Barclays has reported record figures for 2009 this week. Annual revenues hit a record £31bn and overall pre-tax profits (boosted heavily by the sale of money manager Barclays Global Investor) were a record £11.6bn. Underlying pre-tax profits of £5.6bn were more than triple the 2008 figure. Almost half came from the group’s investment bank, Barclays Capital. Bad debts, although almost 50% higher at £8bn than for 2008, came in £1bn lower than expected.
What the commentators said
Amid all the hoo-ha over what a great performance this was, few remembered that taxpayers and the government are “propping up the Barclays bonanza”, said Simon English in the Evening Standard. Barclays may not have had a capital injection from the government, but it has benefited from the implied state guarantee behind major UK banks.
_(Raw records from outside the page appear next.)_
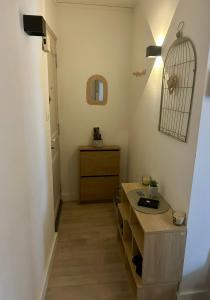 a bathroom with a sink and a bird cage on the wall at Le petit cocon côtois in La Côte-Saint-André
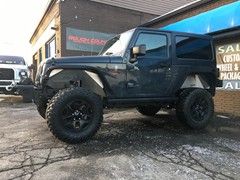 2016 Jeep Wrangler with 4 inch Rough Country lift kit and 32 inch Mastercraft MXT tires
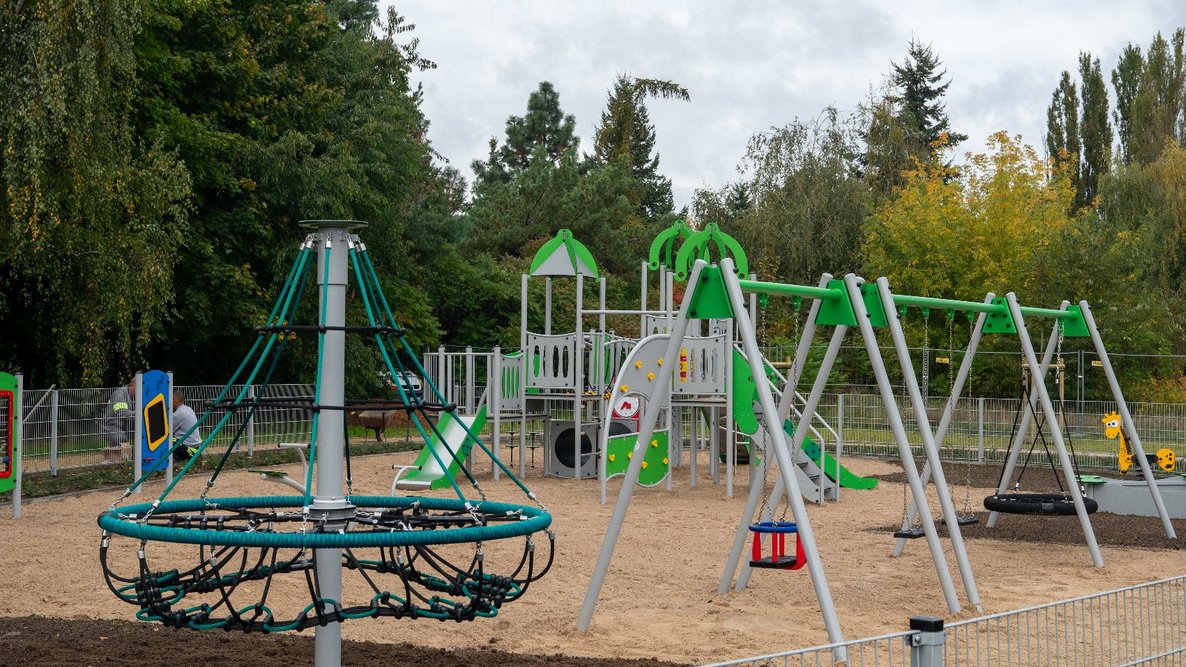 Osiedlowy komplekst sportowo-rekreacyjny z różnymi urządzeniami na piaszczystym podłożu otoczony drzewami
Then there’s the stimulus programme. Quantitative easing has boosted balance sheets, while near-zero interest rates mean Barclays’ cost of capital has been “slashed to as near zero as makes no difference”. Any business “able to borrow for nothing could make money simply by lending it out for slightly more”. Meanwhile, can we be certain that the bad debt problem is over? The bank thinks “the worst is behind it”, said The Independent’s David Prosser. If that’s true, “it will be quite an achievement, given the severity of the global downturn”.